Tentu saja mataku terbelalak tak percaya, darimana bang Awan bisa mendapatkan uang sebanyak itu. 

"Abang ngepet?" Tanyaku penasaran. 

"Gila kamu ya! Zaman sekarang kalau ada cara yang ngak membahayakan buat apa pakai cara takhayul begitu! Kalau ngomong di jaga mulutmu!" Tandasnya kesal. 

Aku tak berani menjawab, takutnya dia akan semakin kesal padaku. Ujung-ujungnya dia bakalan ngamuk atau bahkan menampar pipiku sekalian. Ah tidak! Aku pakai cara aman saja lagipula aku tak ingin menyinggungnya. 

"Mau terima atau ngak?" Tanyanya lagi karena melihat reaksiku yang hanya diam, tak kunjung juga mengambil uang itu. 

"Ambil uangnya, kamu ngak mau?" Dia mengulang pertanyaannya. 
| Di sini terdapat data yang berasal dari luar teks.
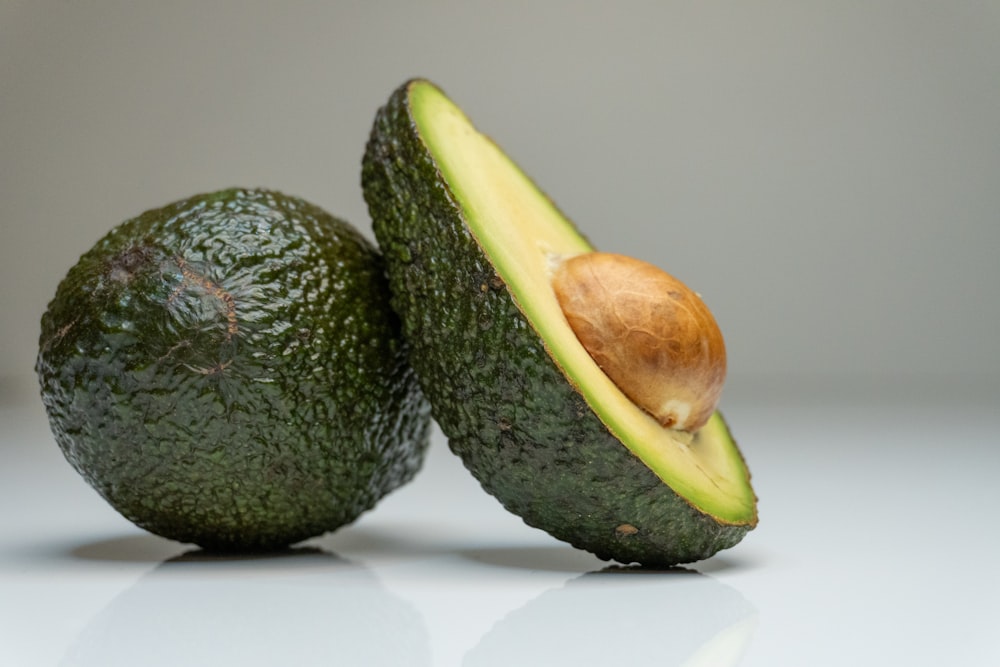 a couple of avocados sitting on top of a table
"Kalau status uang itu belum jelas, Aku tidak akan mengambilnya."

"Sok suci banget sih kamu!" Bang Awan tersenyum sinis, entahlah apa yang akan di dalam pikirannya saat ini. 

"Jangan bilang Aku tidak menafkahi kamu, karena Aku sudah berusaha mencarikan kamu uang!" Katanya kesal. 

Aku masih tetap pada pendirianku, tak juga bergeming mengambil gepokan uang tersebut. 

"Kamu juga tak berhak memaksaku untuk mengambil uang itu, sebelum kamu jujur darimana kamu mendapatkan uang ini bang!"

Bang Awan tak menjawab, dia segera mengambil uang itu lagi dan menyelipkannya di saku celananya. Ku telan Saliva yang sedari tadi serasa menghambat di tenggorokanku.